I’m not saying that student media enabled these stands against injustice, but student media helped document these movements and give them a voice, unfiltered by malignant administration bureaucrats and their sanctioned publications or corporate-run media outlets looking to stoke an emotional response from their audiences in place of educating them.

The Aggie was there to document the infamous pepper spraying incident of 2011 and their photographers were launched into the international spotlight with the work they did. Al Jazeera plagiarized Aggie TV’s interview with Chancellor Linda P.B. Katehi, putting their watermark over AGTV’s.

Maybe student activism isn’t your thing, and in that case take a look at the educational value of student media. Both of the above incidents resulted in teachable moments about fair use, copyright laws and gave student journalists a glimpse of covering crisis.

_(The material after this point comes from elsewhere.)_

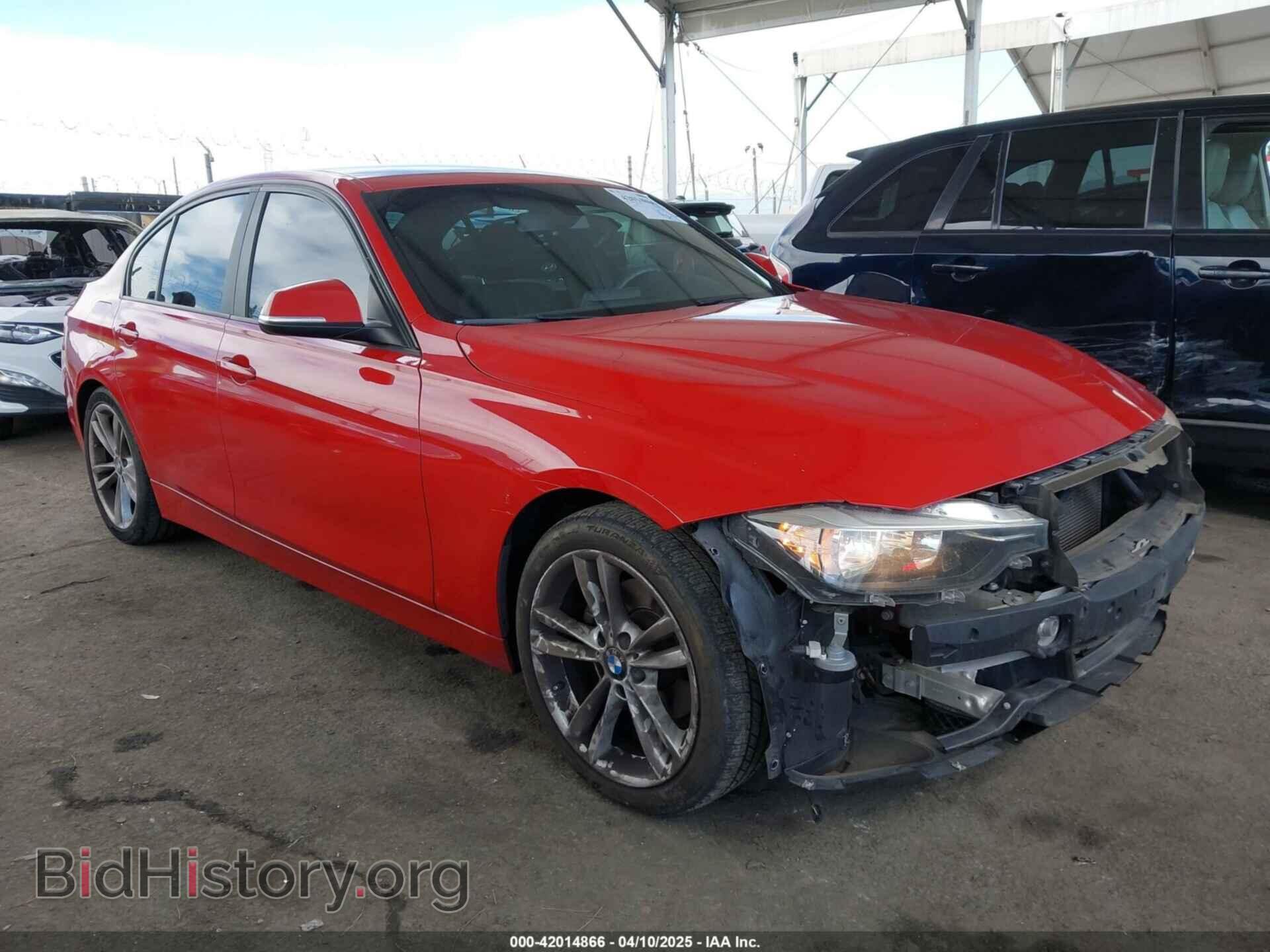 Photo WBA8E1G5XGNU11606 - BMW 320I 2016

Yes, it’s also no secret that student media is prone to making mistakes, but those mistakes are also teachable moments — not just for student journalists, but the UC Davis community as a whole. Those mistakes can be painful and divisive, much like the Jungle Fever column that resulted in one of the most intense Media Board meetings in recent history.

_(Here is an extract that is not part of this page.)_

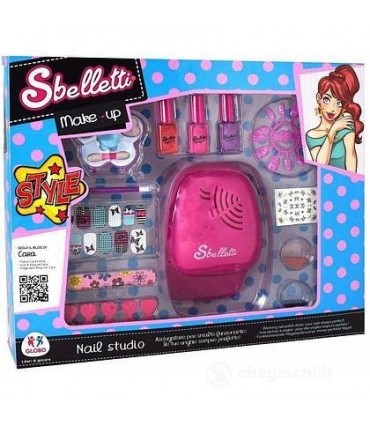 SET MAQUINA DE HACER UÑAS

These teachable moments are unique to student-run media and cannot be taught in the lecture hall. All of us are better on the other side of them and that is exactly what should happen in atmosphere of experimentation and exploration that the University fosters.

Please save student media and open the door for future generations to benefit from the same, sometimes painful, teachable moments that can give a student their first steps in their journey to becoming a professional.

As students, you are not just beneficiaries of the institutions you inhabit, but stewards of an increasingly endangered resource. $9.30 is a minuscule price to pay for invaluable experiences vital to the development of tomorrow’s media professionals.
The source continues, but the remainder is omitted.